Crítica de ‘Beetlejuice Beetlejuice’ de Tim Burton
Para Tim Burton, estar vivo está sobrevalorado. Por eso dedicó su carrera a construir una quimera delirante y melancólica entre dos mundos: el de los vivos, frío y siniestro, repleto de seres preocupados por la apariencia y el dinero y el otro, el de los muertos, una fiesta de calaveras, esqueletos y todo tipo de figuras esperpénticas: una Creamfields teratológica.
Dentro de ese inventario de lo anormal que es su filmografía, ‘Beetlejuice’ de 1988 ocupa el lugar preferencial como condición de posibilidad de sus obras maestras posteriores: un caleidoscopio de lo extravagante, con el que Burton creaba un mundo cerrado que se abastecía a sí mismo y asumía su gusto por lo insólito y la alteridad radical.

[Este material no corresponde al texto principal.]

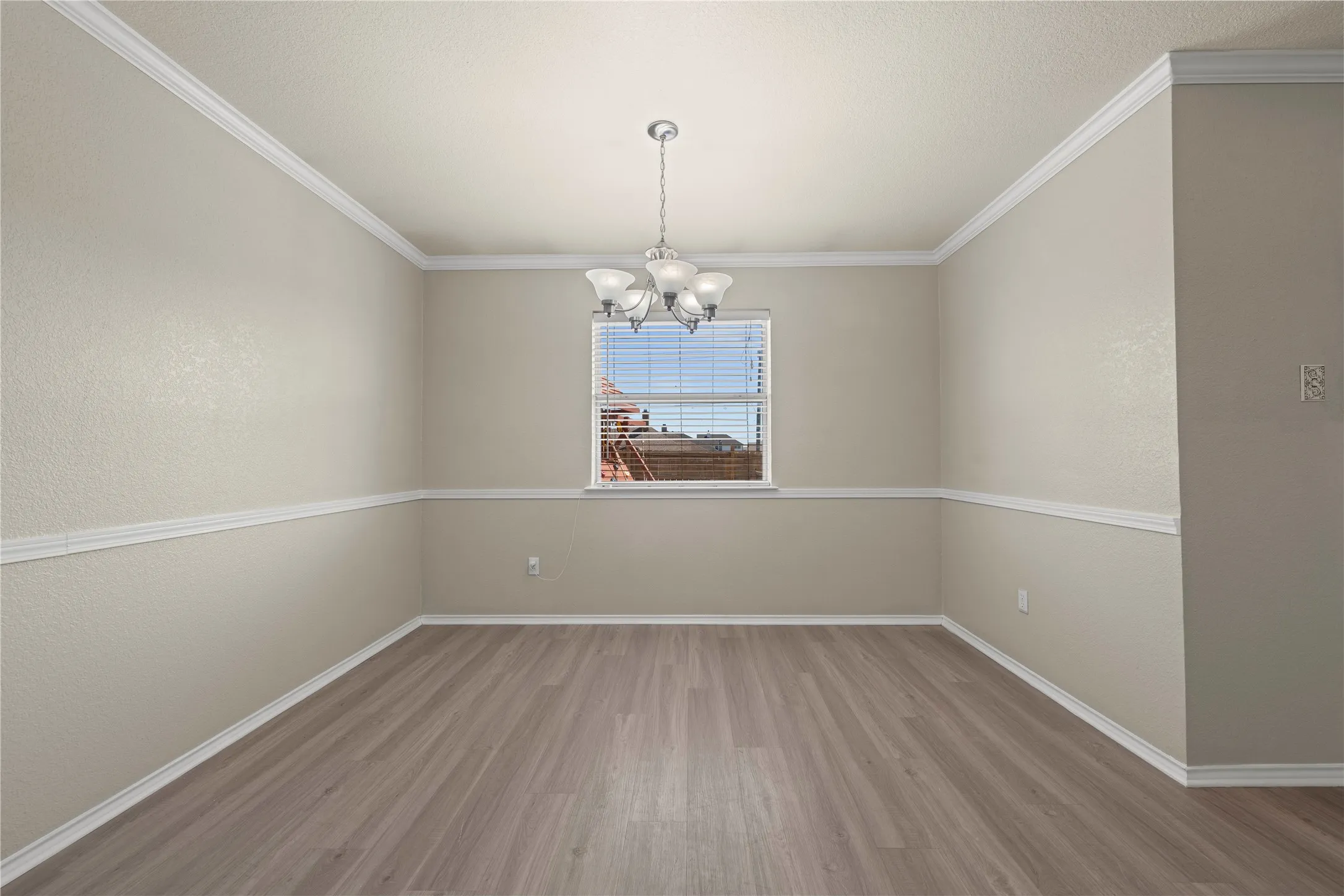 Single Family Residence For Sale in Mc Lennan County , 10805 Snow Pea Drive, Waco, Texas 76708, 4 Bedroom, 2 Bathroom, 2 Garage spaces, 1,730 Sqft, built in 2006, mls#21358666, Real Estate Agent in Waco, Homes For Sale in Mc Lennan county, Homes For Sale in Waco, Realtor in Waco Texas, Real Estate Brokerage Independent Realty Texas, Luminita Cordes Realtor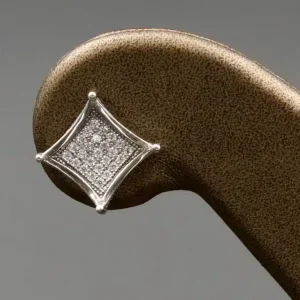 گوشواره نگین دار نقره زنانه - میخی - طرح مربعی مقعر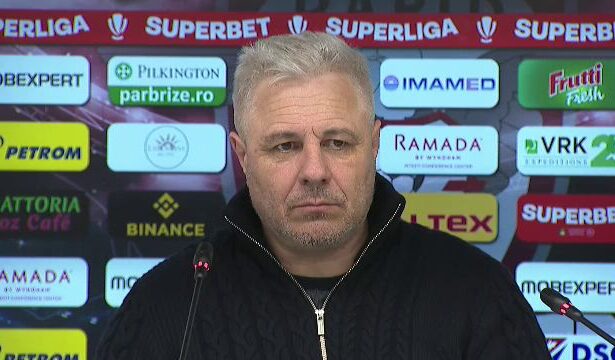 video am vrut sa fiu un altfel de sumudica tehnicianul rapidului a venit cu notitele la conferinta cum si a motivat jucatorii 67956014e1895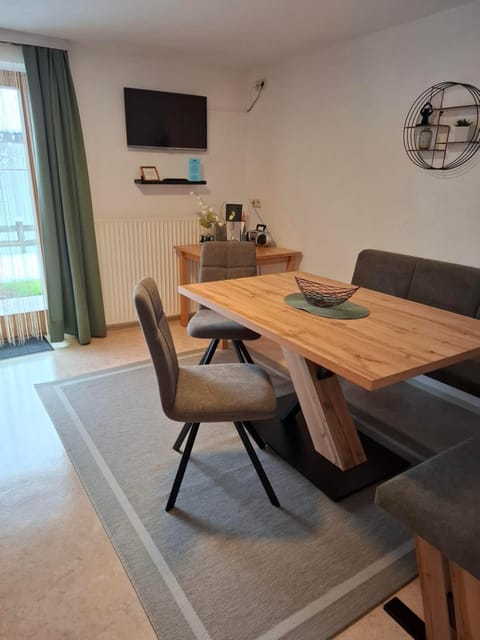 TV and multimedia, Seating area, Dining area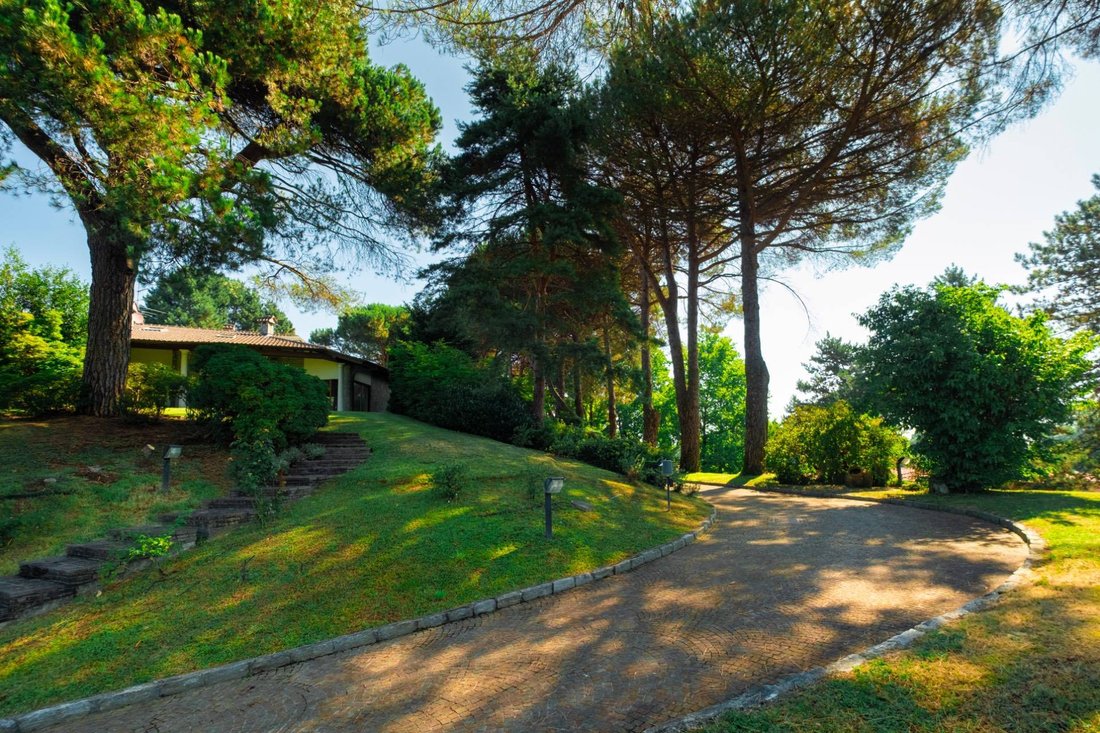 Villa in Cagno, Lombardy, Italy 2 - 18614677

‘Beetlejuice Beetlejuice’ es más que una secuela, que un entretenimiento obsoleto pour la galerie: es el exorcismo delirante e irónico de Burton de los demonios que lo han poseído en los últimos años, desde que Disney secuestró su creatividad. Una película terapéutica, otro freak show que mantiene el pulso surrealista de dibujos animados de la original, al tiempo que expande el reino de los muertos y ofrece nuevos personajes espeluznantes y gags de una histérica extrañeza subversiva.
‘Beetlejuice Beetlejuice’ retoma la historia 35 años después, con Lydia (Winona Ryder) convertida en una médium de televisión; tiene una hija, Astrid (Jenna Ortega), adolescente y escéptica, con la que mantiene una relación tempestuosa (un espejo de la dinámica maternal de la primera película). Después de la muerte de su padre en un accidente aéreo, Lydia se reúne con su hija y su madrastra (Catherine O’Hara) para un funeral familiar en la casa gótica original. Su novio/manager, Rory (Justin Theroux), quiere aprovechar el duelo para su beneficio.
Mientras tanto, en los subsuelos del más allá, el bioexorcista titular (Michael Keaton) evita su propia reunión familiar: su ex esposa Dolores (Monica Belluci), busca venganza -es una chupa almas, capaz de matar a los muertos- con el actor de películas policiales clase B devenido detective fantasmal, Wolf Jackson (Willem Dafoe), investigando el caso.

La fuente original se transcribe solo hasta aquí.